Your Windows are broke down in every street

And we for fear compell’d to shut our shop.”

They wished me a good morrow, but not to hope for very much. “When should I pick up my computer?” I asked. But the trio was silent, consulting a group of witches.

“Oh, tomorrow,” said one. “And tomorrow,” said another. “And tomorrow,” said the third.

On the morrow I did return, and they greeted me with crocodile tears. The worst is yet to come. The diagnosis: The hard disk is gone, the data is gone, nothing is left. I stood bereft. No hope at all?

Perhaps, they reckoned, the NSA—the National Spying Apparatus—found something treasonous on my machine. “Darest thou support a publish’d traitor?”

So I took my computer and my new virgin disk and my hopes back home. My Shakespeare and my spaniel greeted me. The latter wagged his tail; I turned to Will-power.
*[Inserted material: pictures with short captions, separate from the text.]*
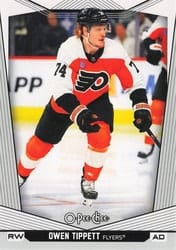2024-25 O-Pee-Chee Base Set Owen Tippett #232 card
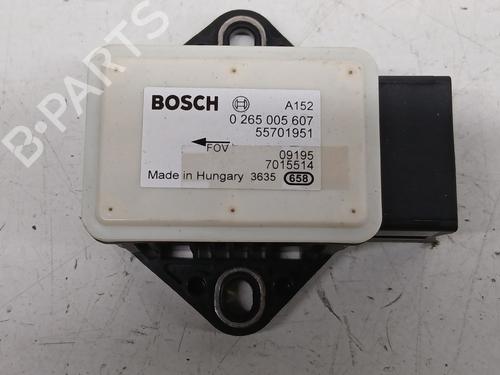 Used Electronic sensor ALFA ROMEO MITO (955_) 1.3 MultiJet (955AXH1B, 955AXT1A) (90 hp) 29856009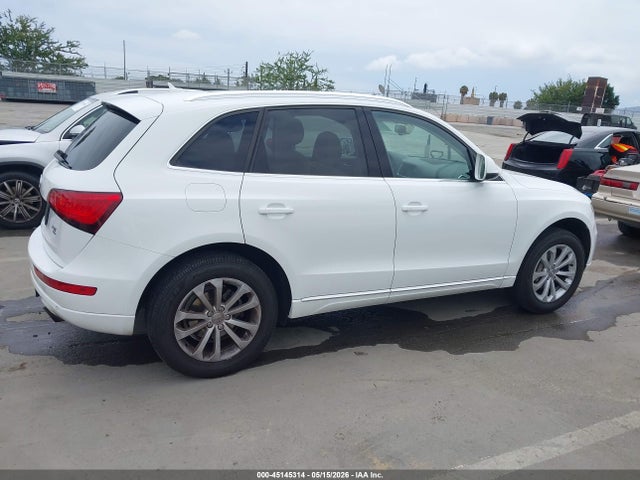 Продаж на аукціоні авто 2014 Audi Q5 2.0t Premium, vin: WA1LFAFP4EA064740, номер лоту: 45145314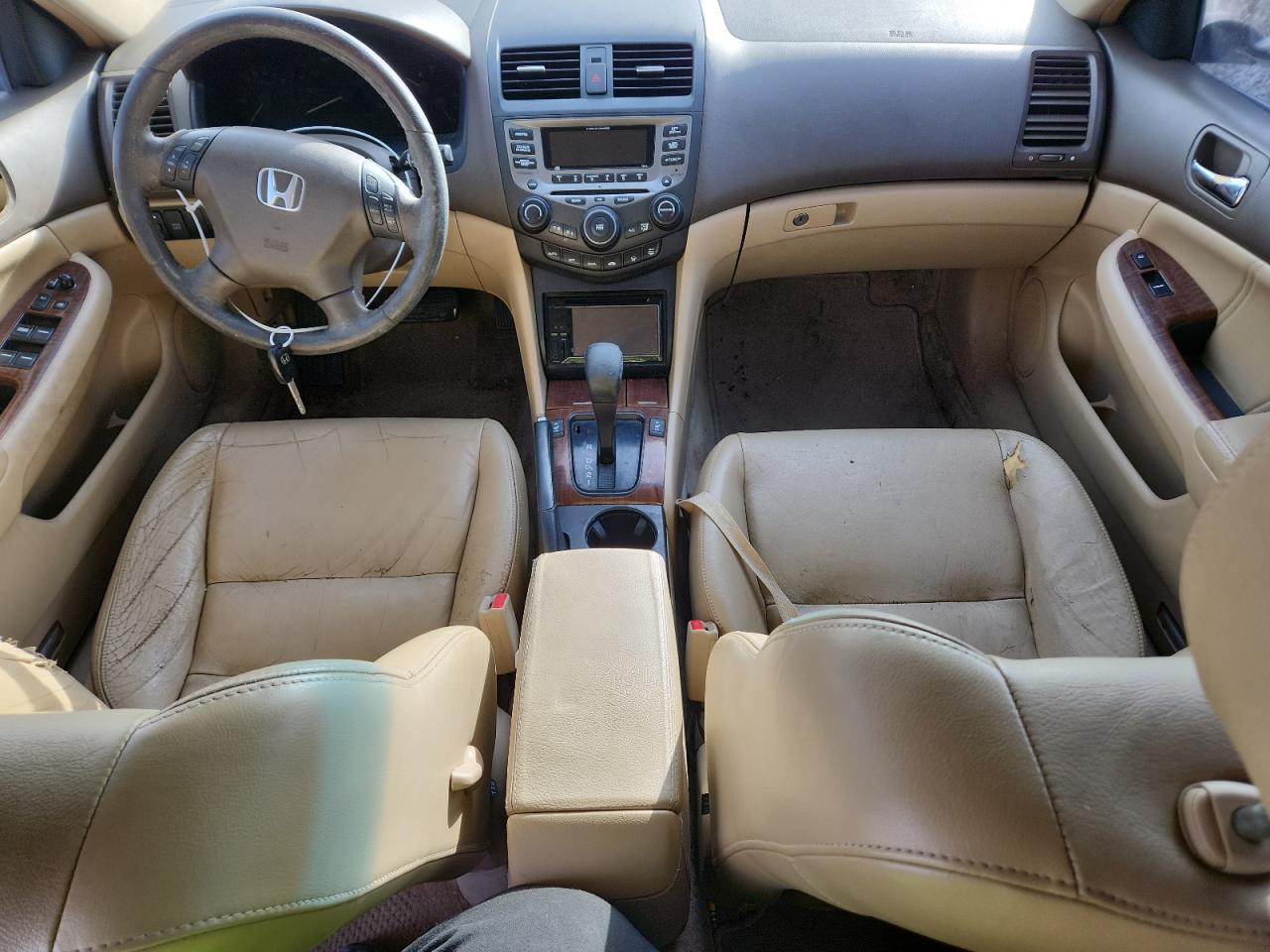 2006 Honda Accord Ex VIN: 1HGCM66506A052286 Lot: 84265095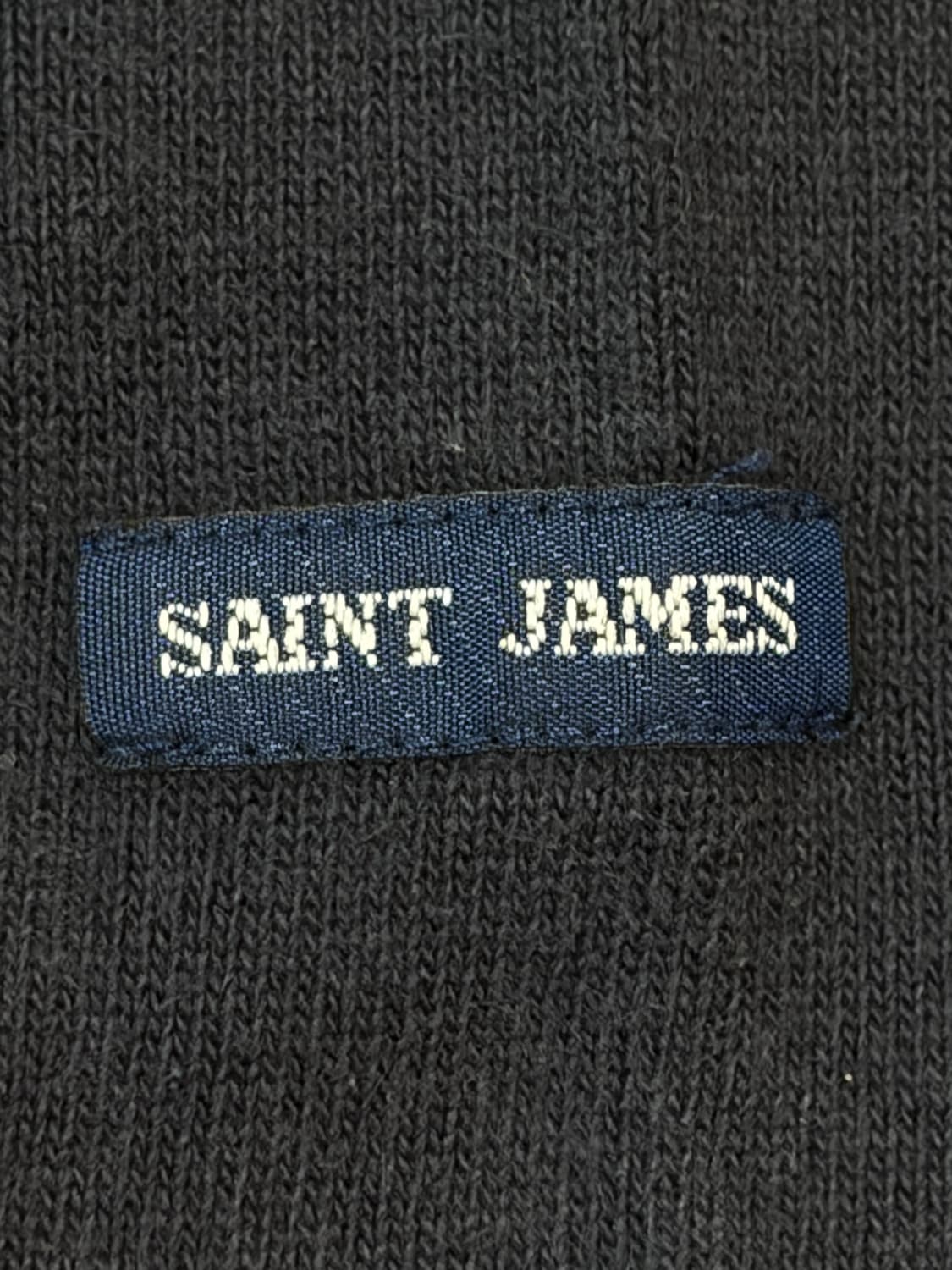 세인트제임스(Saint James) 네이비 길도 유 엘보 패치 상품이미지5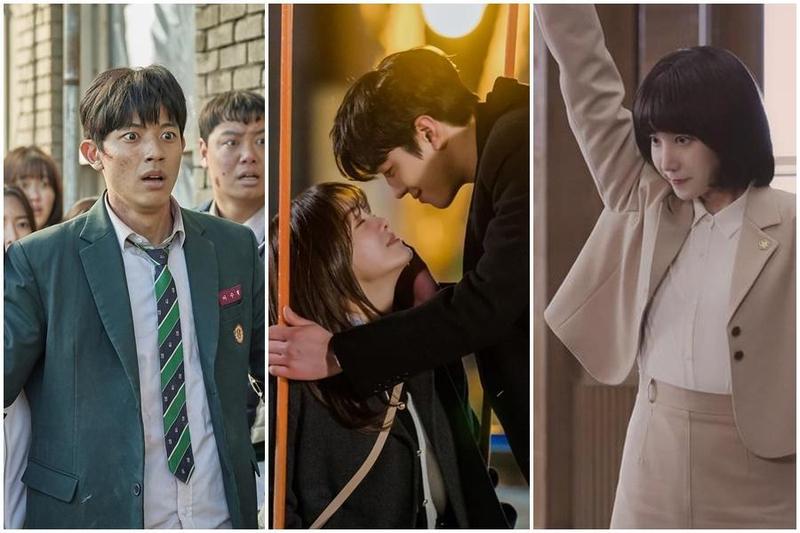 2022年3部韓劇入選Netflix非英語類別影集排行，過年無聊可以再次回味這些好劇！（Netflix提供）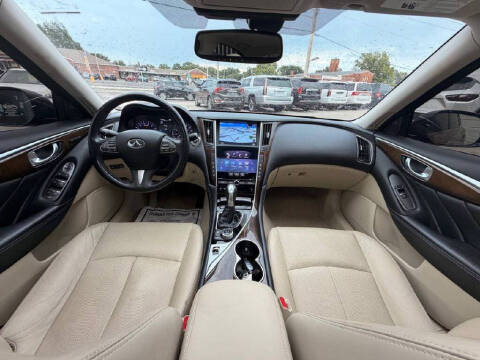 2014 Infiniti Q50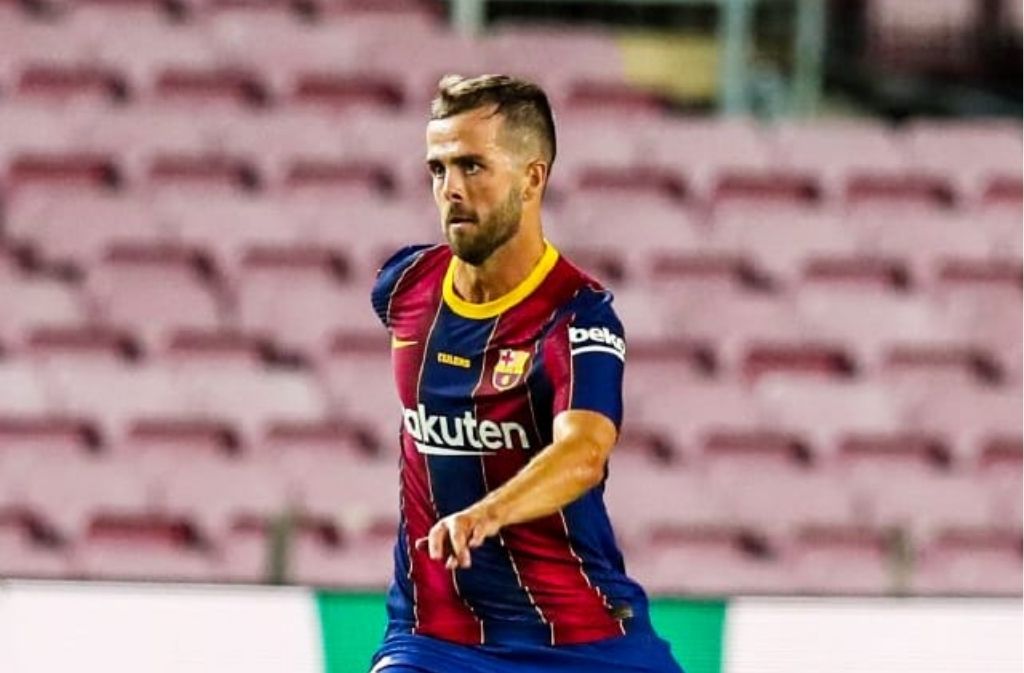 Miralem Pjanic - FC Barcelona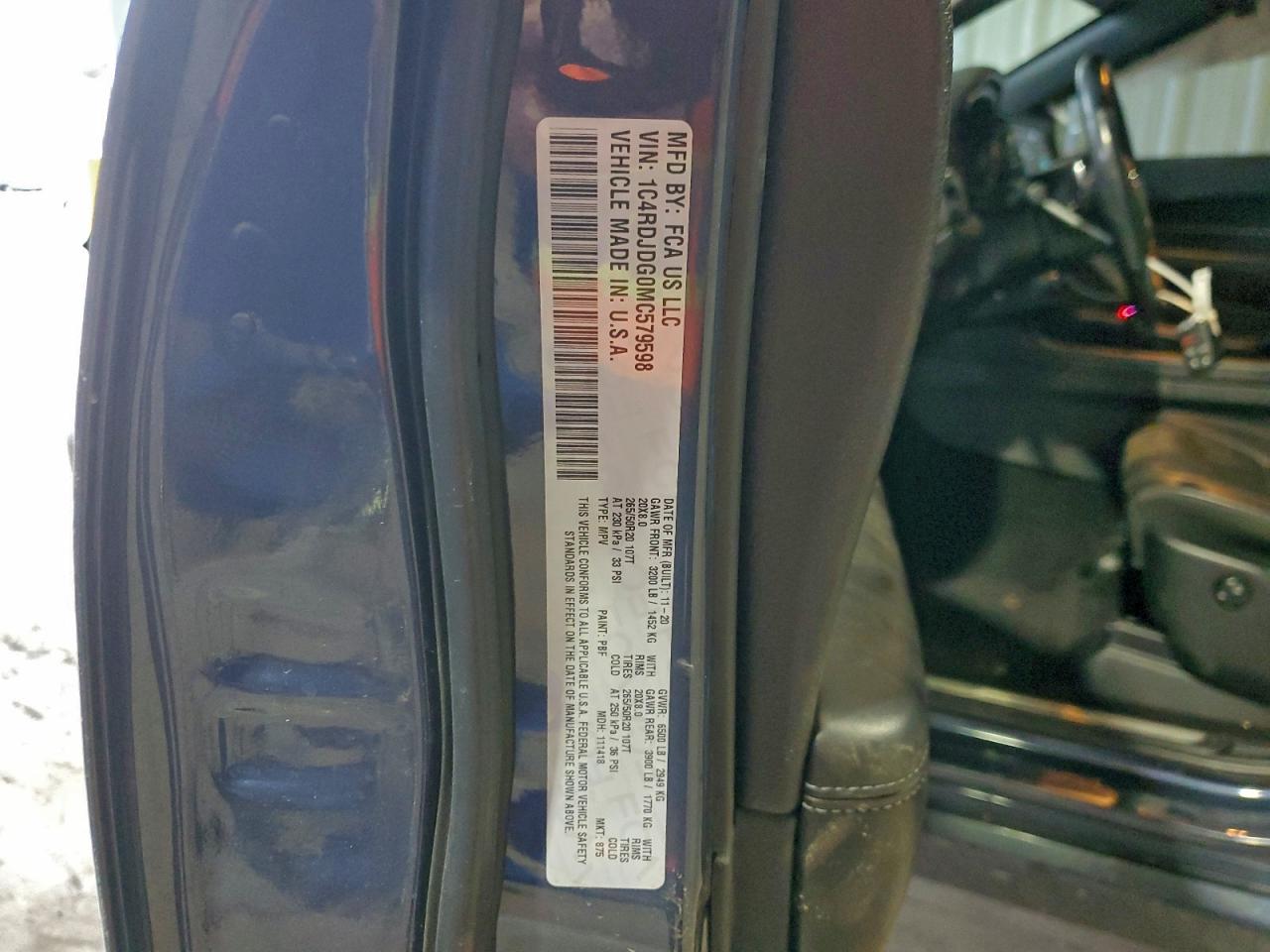 Dodge Durango Gt Image 9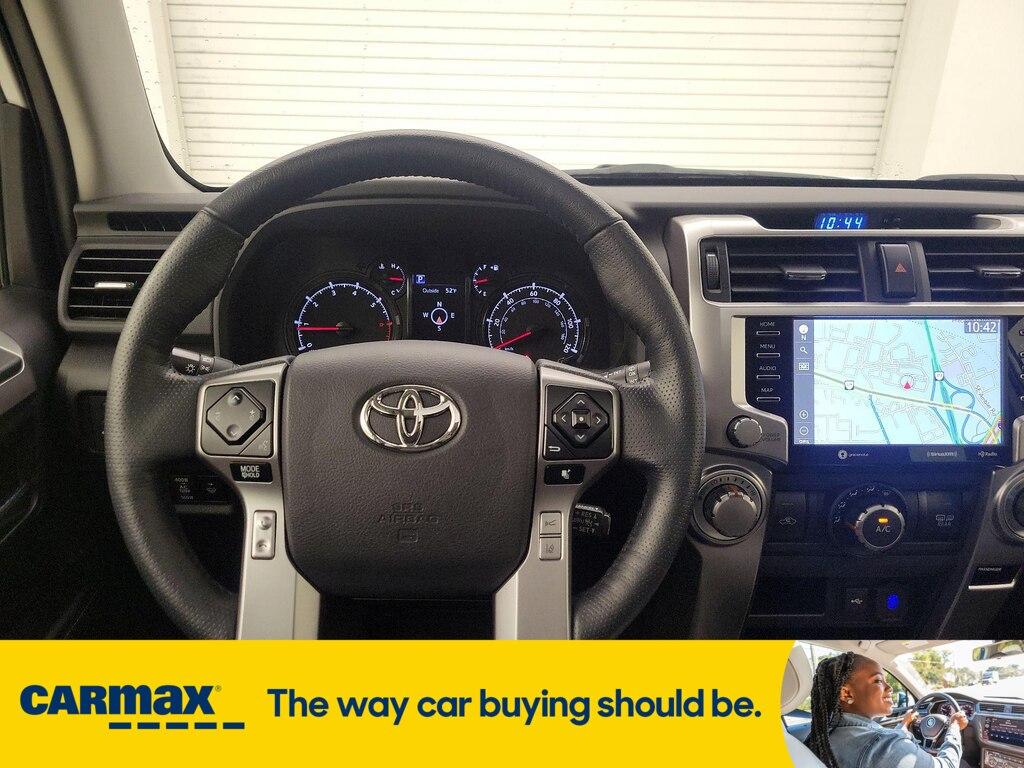 used 2023 Toyota 4Runner car, priced at $50,998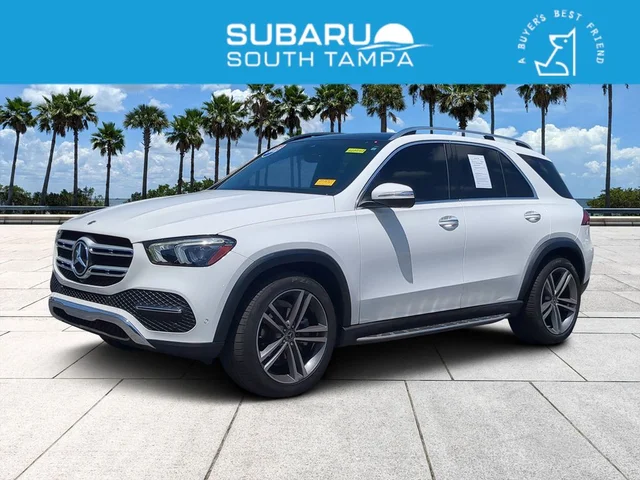 2022 Mercedes-Benz GLE GLE 350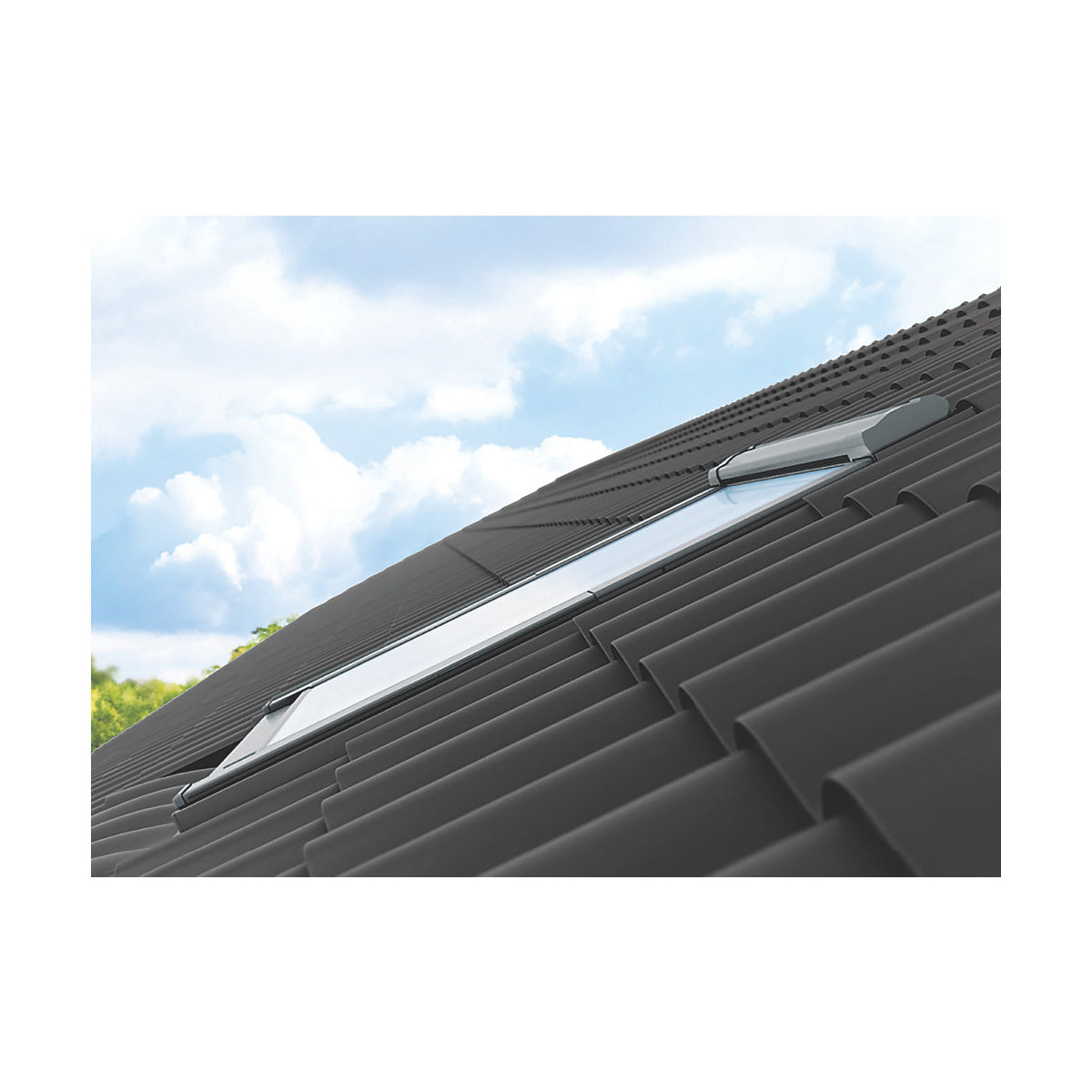 Keylite Plain Tile Flashing 780x980 - PTRF 04 - Image 2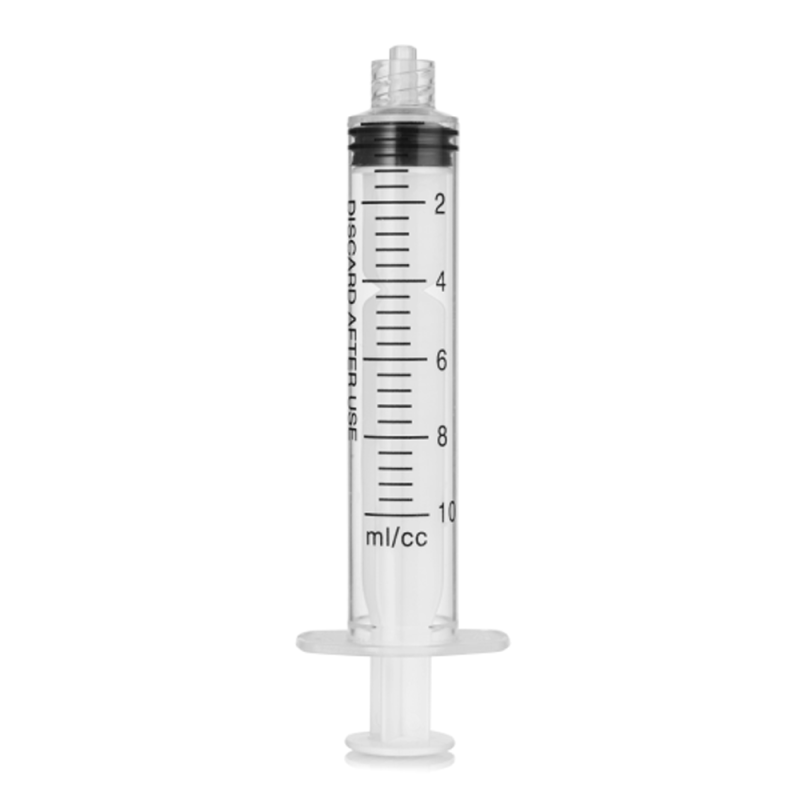 Strzykawka 10ml luer lock trzyczęściowa Medical Brokers 100szt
Could I hope that a solution will be at hand?

“Being green,” said King Henry VI hopelessly, helplessly, “there is great hope of help.”

Which is no help at all. And you, dear reader, have you experienced the nightmare, the hopes, the countless disks upon which countless files are retained and disappeared? Can you imagine the desperation when reaching into a drawer you find countless antique floppy disks, some going back to the reign of Elizabeth the First?

Have you, dear reader, backed up and backed up and backed up again to find your efforts are all for nought?

“Don’t worry,” says Shakespeare, “it’s much ado about nothing.”

Nothing is what I have. And then the dramatist laughs at my efforts for backing up, and how I look to others.

Yet my spaniel is sympathetic. In his eyes glow the words that Shakespeare would deem for my efforts: “Would ye not think his cunning to be great, that could restore this cripple to his legs again?”

Oh, I can, I can. The efforts are mighty, the downloads are few, the discs are infected, the connection is too. As data comes sniveling back, I can’t even connect with the programs, I turn to food (perhaps nettles or poisons) to music (a hideous Bruckner symphony), and then…..ah, the first miracle. I can connect. Finally. And I shout with joy.

Until the next nightmare, all’s well that ends well.